— Task directions —
Exact copy, no pictures: restate each entry below word for word.

*** Data Section Begins ***

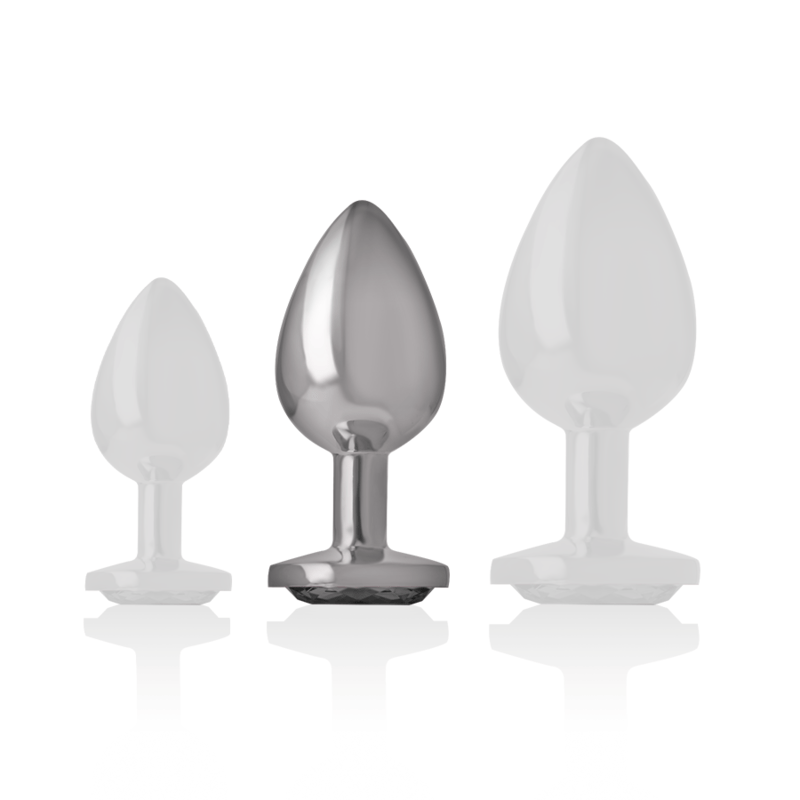 INTENSE - PLUG ANALE IN METALLO ALLUMINIO CON VETRO NERO TAGLIA M - INTENSE ANAL TOYS - Intimo per le occasioni speciali | The Game Lingerie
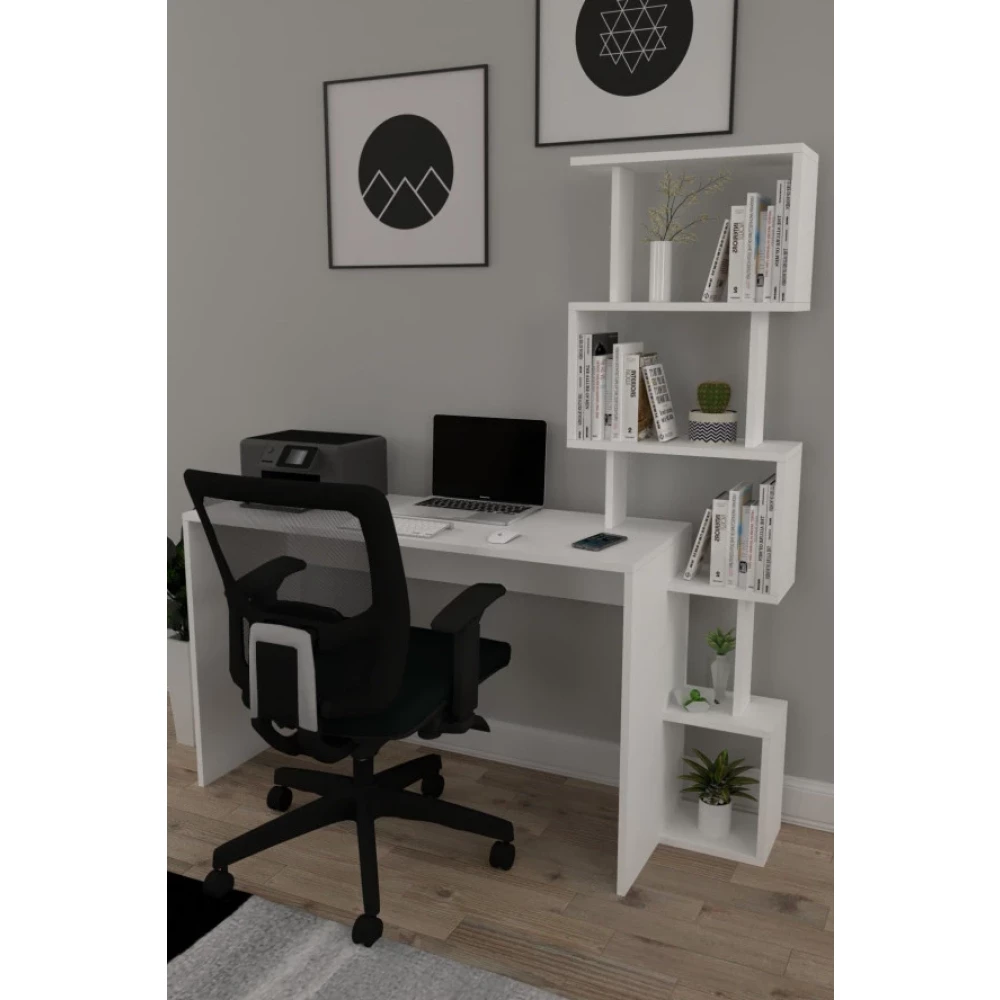 Pratik Kitaplikli Calisma Masasi Beyaz 120X50 Çalışma Masası Fiyatı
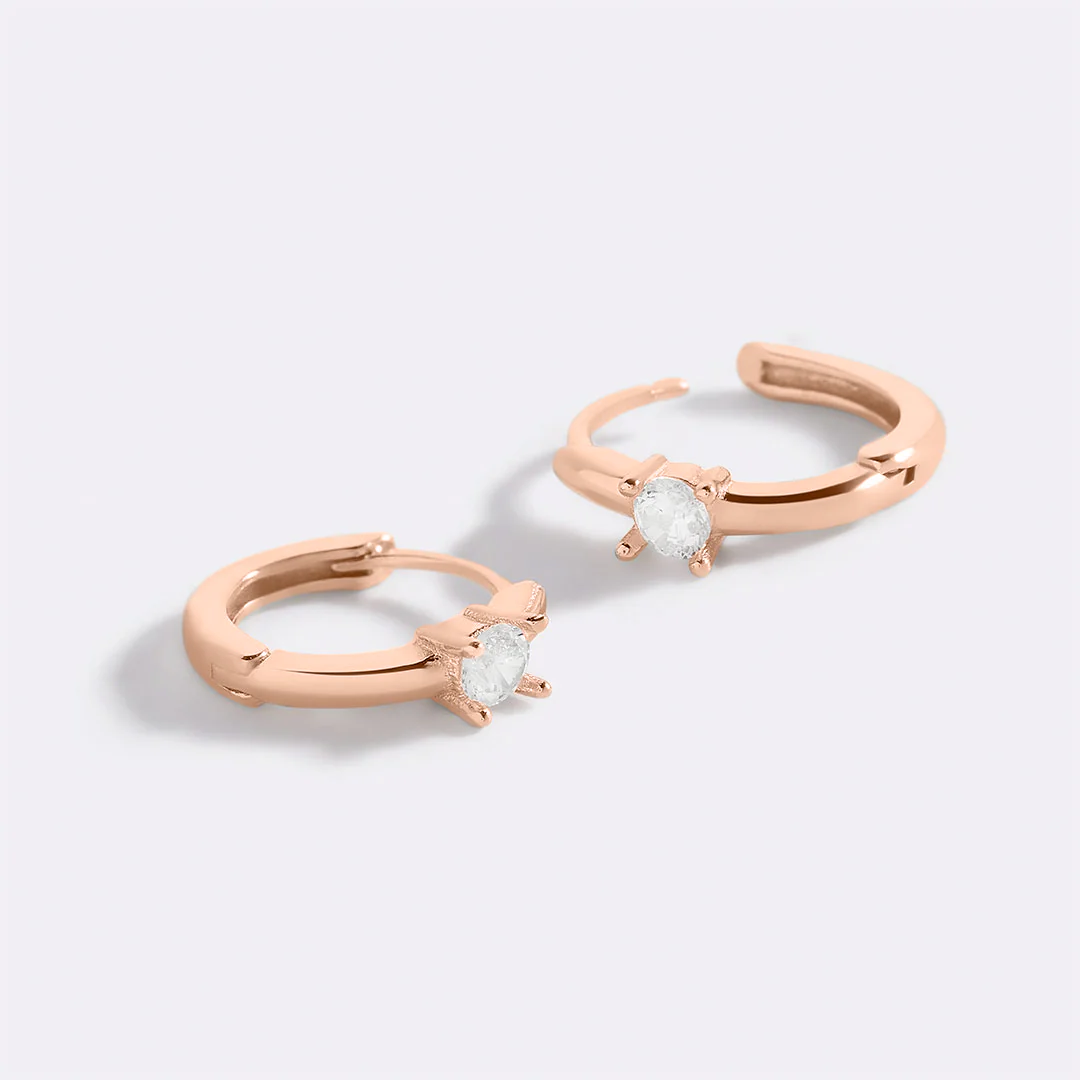 Dainty Single Stone Huggie Hoops - Image 24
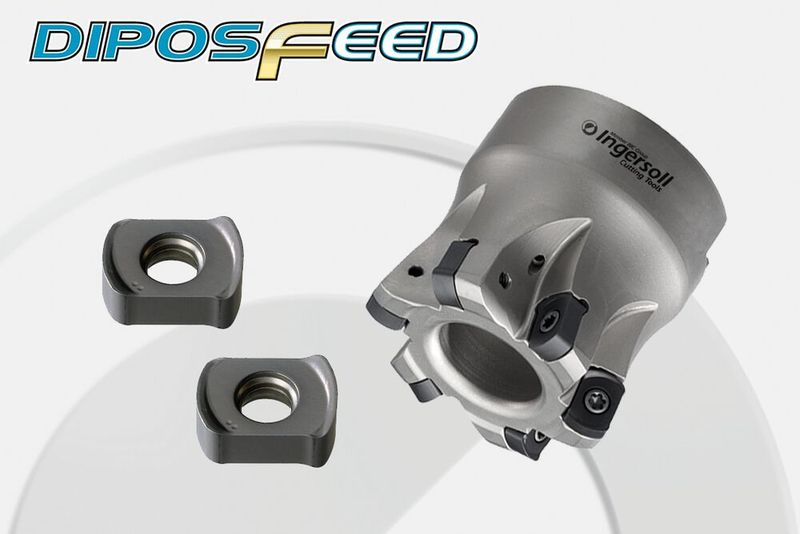 Hochvorschubfräser «DiPosFeed» und passende Wendeschneidplatte UN01. (Bild: Ingersoll)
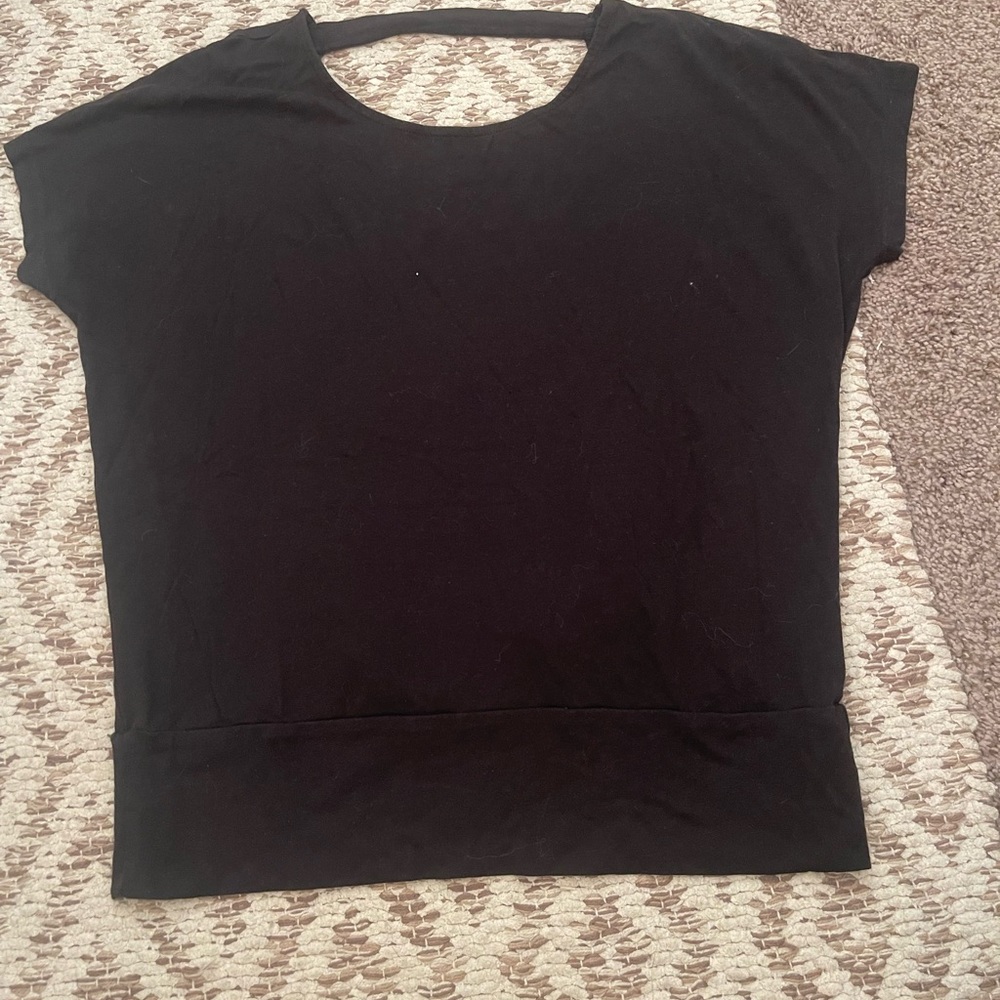 Black open back activewear top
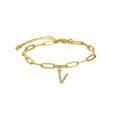 Gold-plated brass paperclip chain bracelet featuring a sparkly rhinestone letter V charm - Letter V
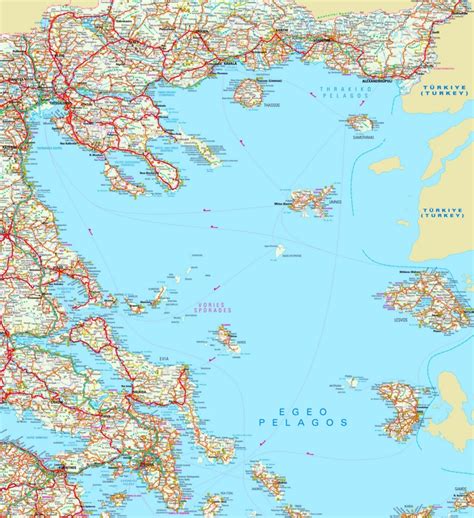 Large Detailed Map Of North Aegean Sea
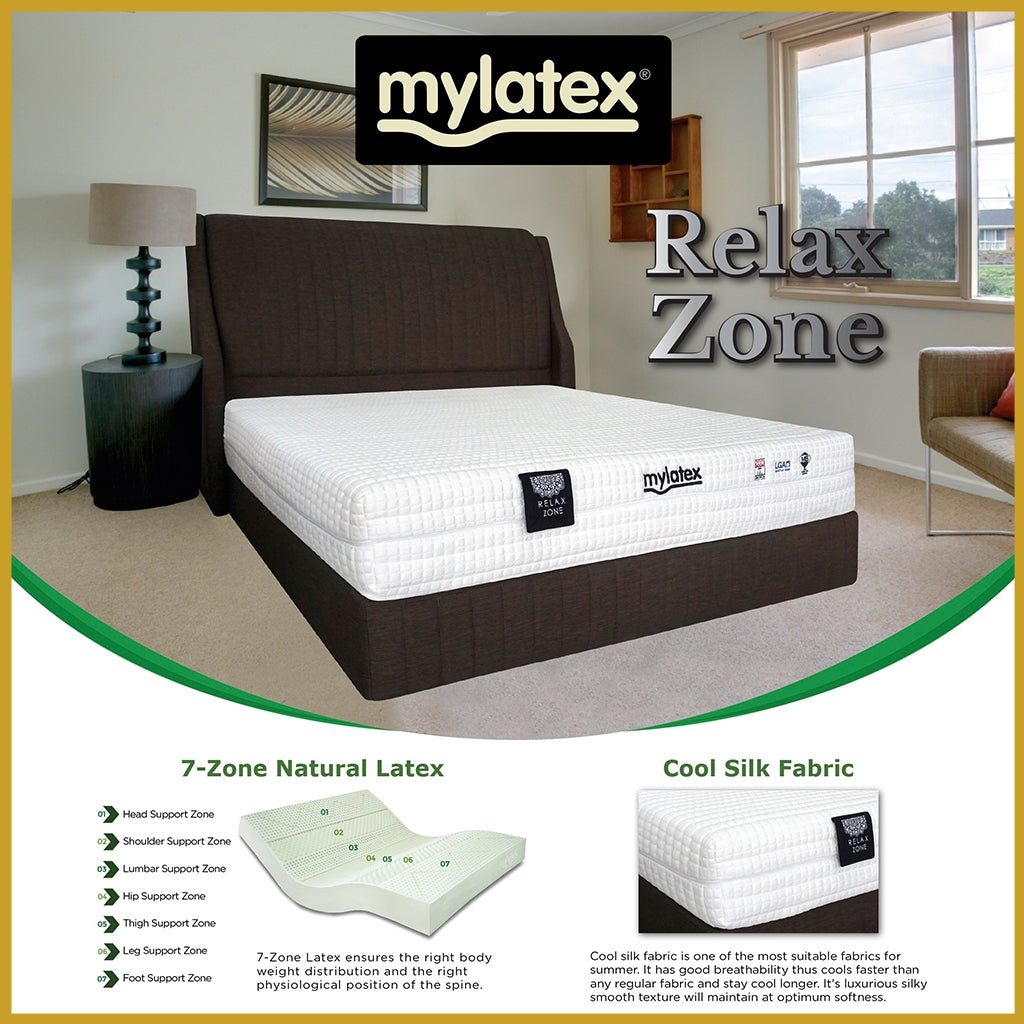 MyLatex RELAX ZONE 10" 7-Zone Natural Latex Mattress Cooling Silk Cover - All Size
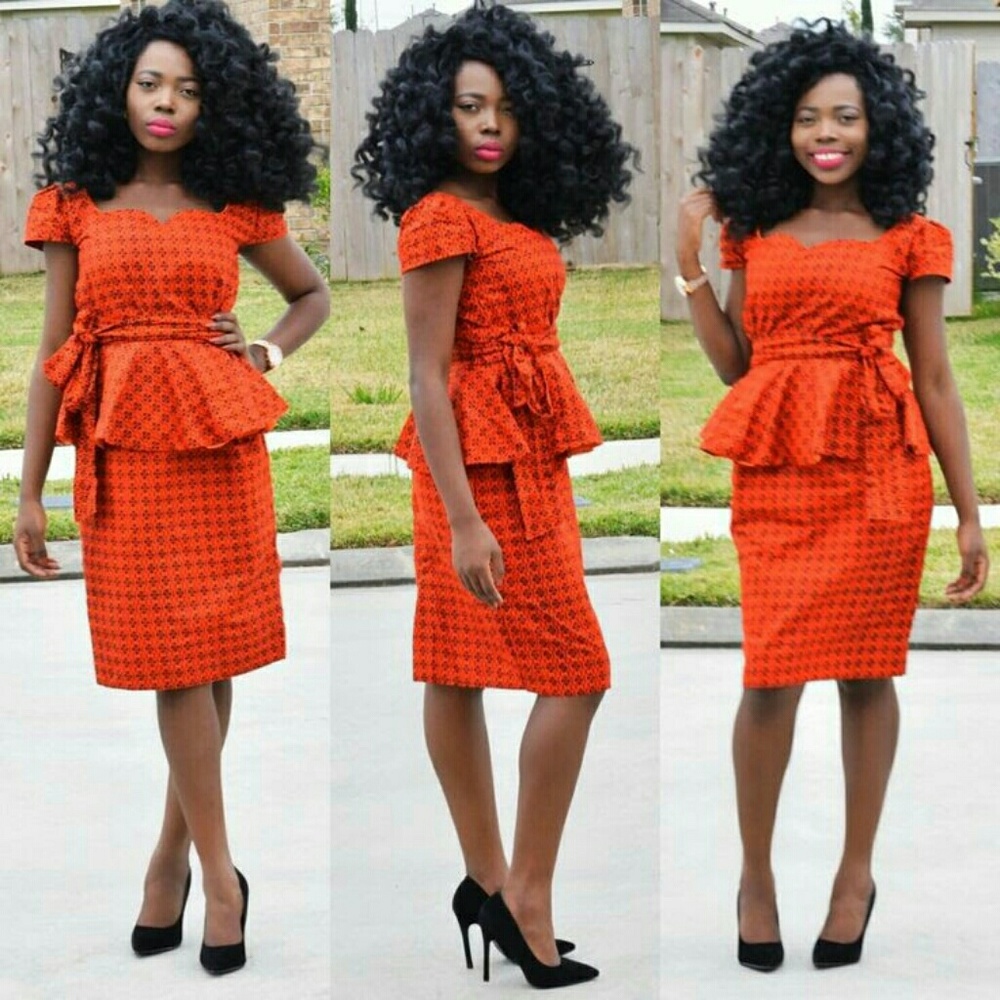 Women African print peplum knee length dress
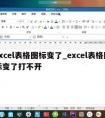 excel表格图标变了_excel表格图标变了打不开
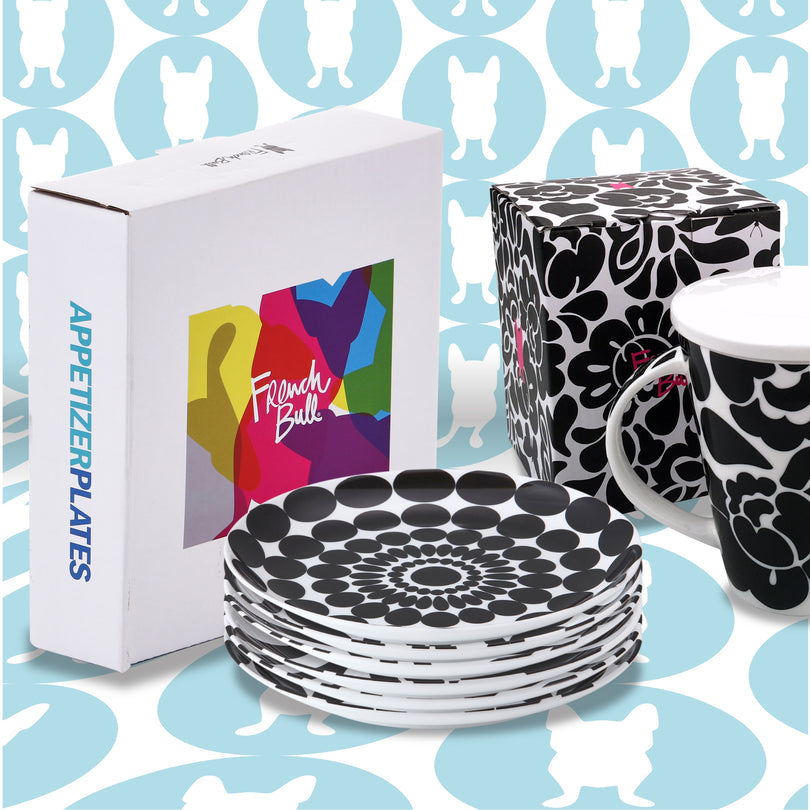 6-PIECE BLACK & WHITE APPETIZER PLATE SET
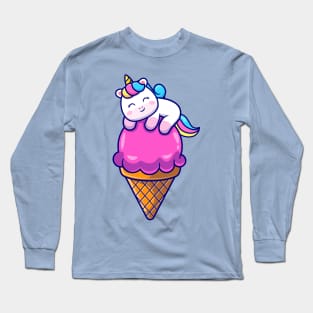 Cute Unicorn On Ice Cream Cone Cartoon Long Sleeve T-Shirt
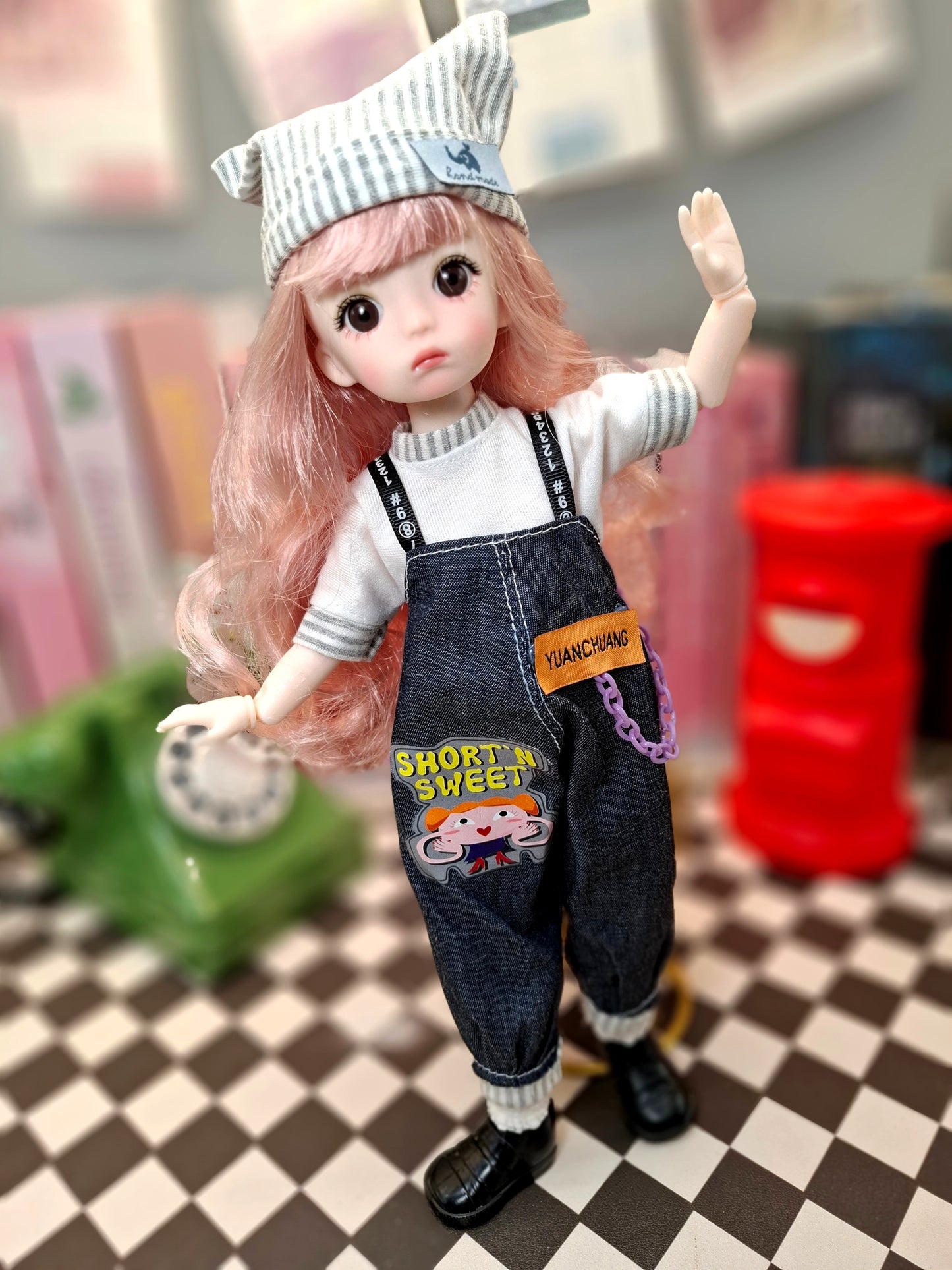 Pink hair cutie in blue jeans overall 30cm BJD doll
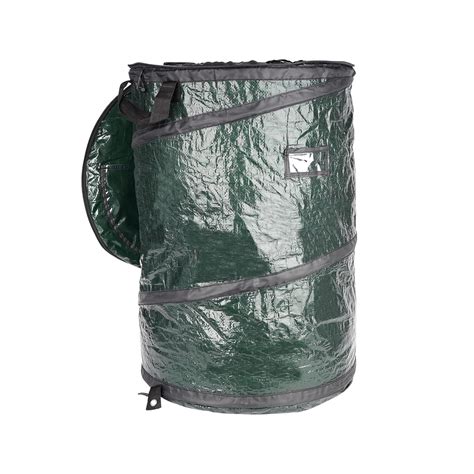 30 Gallon Collapsible Lawn and Leaf Waste Bag with Lid, Pop Up Folding ...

*** Data Section Ends ***

— Exercise output —
 INTENSE - PLUG ANALE IN METALLO ALLUMINIO CON VETRO NERO TAGLIA M - INTENSE ANAL TOYS - Intimo per le occasioni speciali | The Game Lingerie
 Pratik Kitaplikli Calisma Masasi Beyaz 120X50 Çalışma Masası Fiyatı
 Dainty Single Stone Huggie Hoops - Image 24
 Hochvorschubfräser «DiPosFeed» und passende Wendeschneidplatte UN01. (Bild: Ingersoll)
 Black open back activewear top
 Gold-plated brass paperclip chain bracelet featuring a sparkly rhinestone letter V charm - Letter V
 Large Detailed Map Of North Aegean Sea
 MyLatex RELAX ZONE 10" 7-Zone Natural Latex Mattress Cooling Silk Cover - All Size
 Women African print peplum knee length dress
 excel表格图标变了_excel表格图标变了打不开
 6-PIECE BLACK & WHITE APPETIZER PLATE SET
 Cute Unicorn On Ice Cream Cone Cartoon Long Sleeve T-Shirt
 Pink hair cutie in blue jeans overall 30cm BJD doll
 30 Gallon Collapsible Lawn and Leaf Waste Bag with Lid, Pop Up Folding ...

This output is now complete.